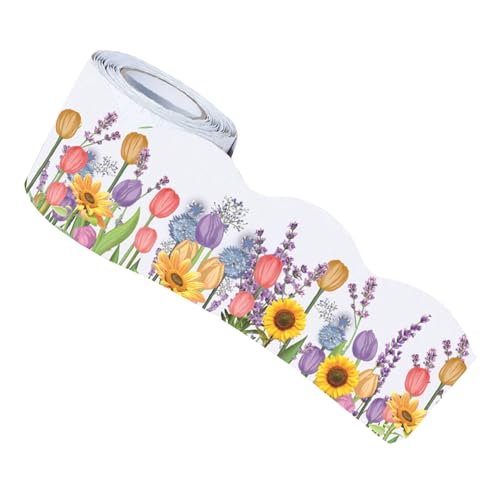 SEWACC Frühlingshafte Tulpen-bulletin-board-bordüre Farbenfrohe Abziehbare Dekoration mit Gewelltem Abschluss Lichtechte Schulklassenzimmer-rahmen für Pinnwand Tafel und DIY von SEWACC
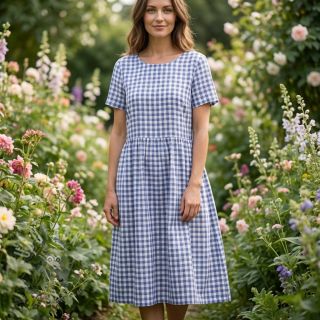 Bombažna tkanina Check lavender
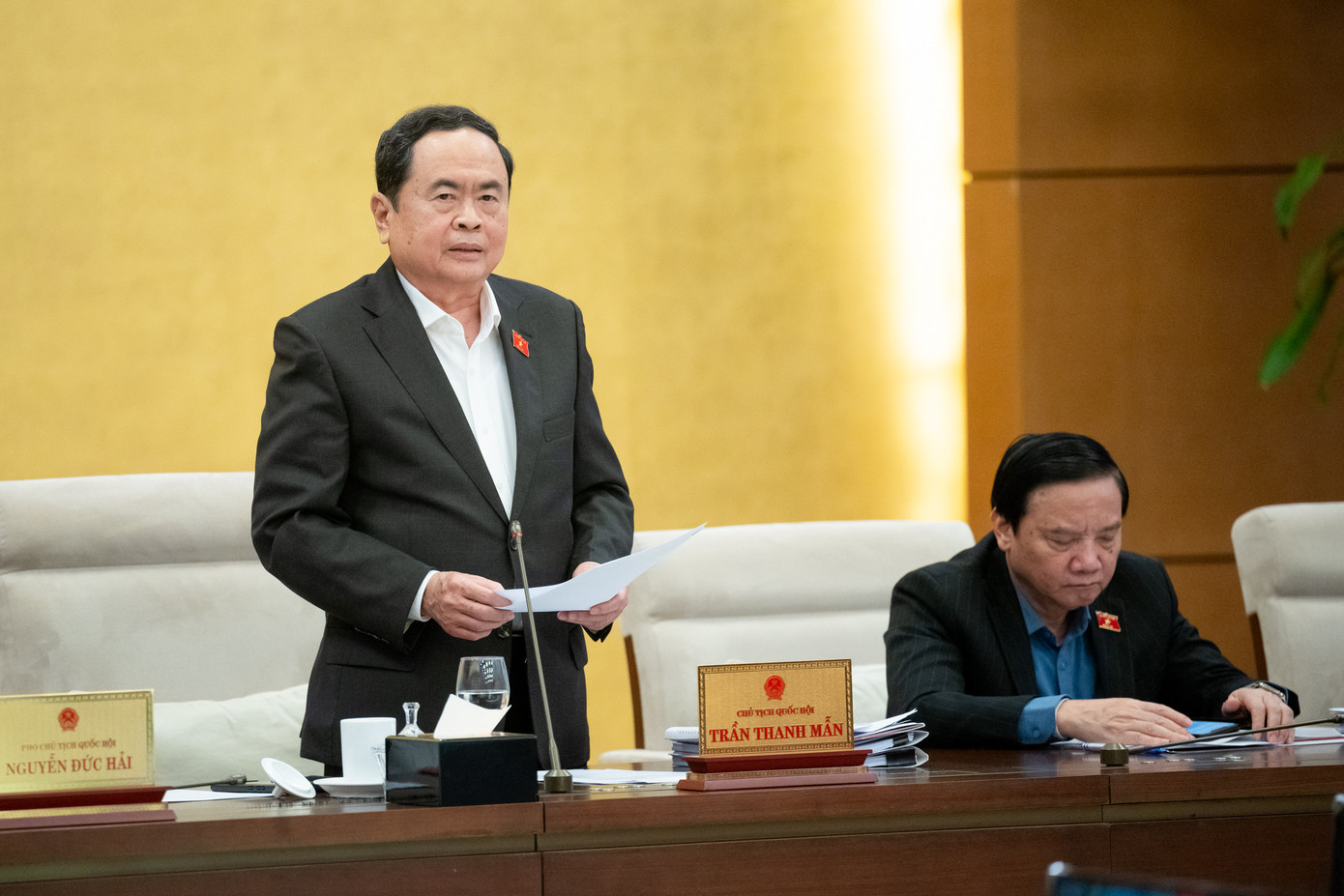 Chủ tịch Quốc hội Trần Thanh Mẫn phát biểu tại phiên họp. Ảnh: QH Chủ tịch Quốc hội Trần Thanh Mẫn phát biểu tại phiên họp. Ảnh: QH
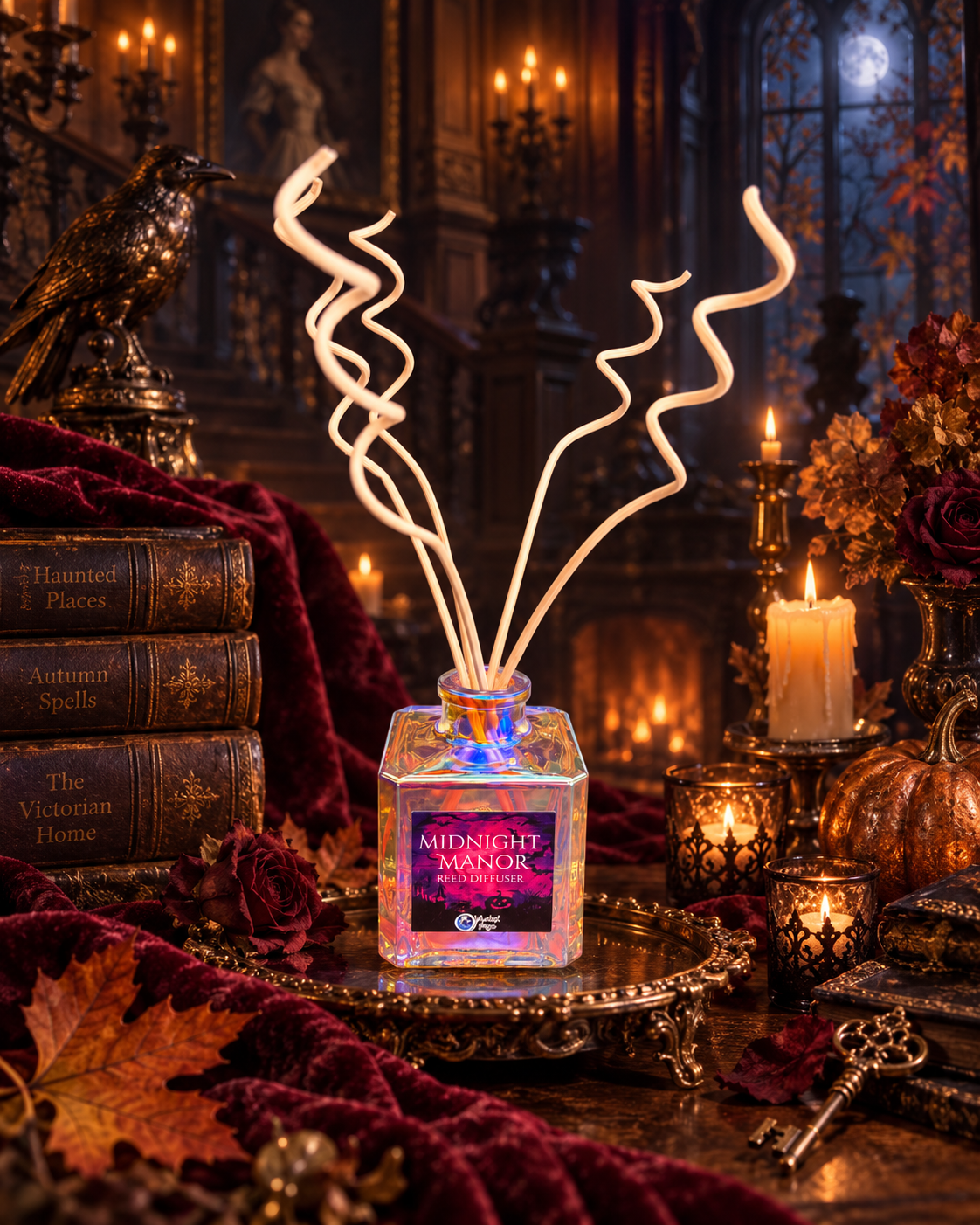 Elegant midnight blue reed diffuser from Practical Magic Store with decorative reeds and enchanted moonlit design.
- - - -
All of the lines above must be printed again exactly, and no picture may appear in the copy.

 SEWACC Frühlingshafte Tulpen-bulletin-board-bordüre Farbenfrohe Abziehbare Dekoration mit Gewelltem Abschluss Lichtechte Schulklassenzimmer-rahmen für Pinnwand Tafel und DIY von SEWACC
 Bombažna tkanina Check lavender
 Chủ tịch Quốc hội Trần Thanh Mẫn phát biểu tại phiên họp. Ảnh: QH Chủ tịch Quốc hội Trần Thanh Mẫn phát biểu tại phiên họp. Ảnh: QH
 Elegant midnight blue reed diffuser from Practical Magic Store with decorative reeds and enchanted moonlit design.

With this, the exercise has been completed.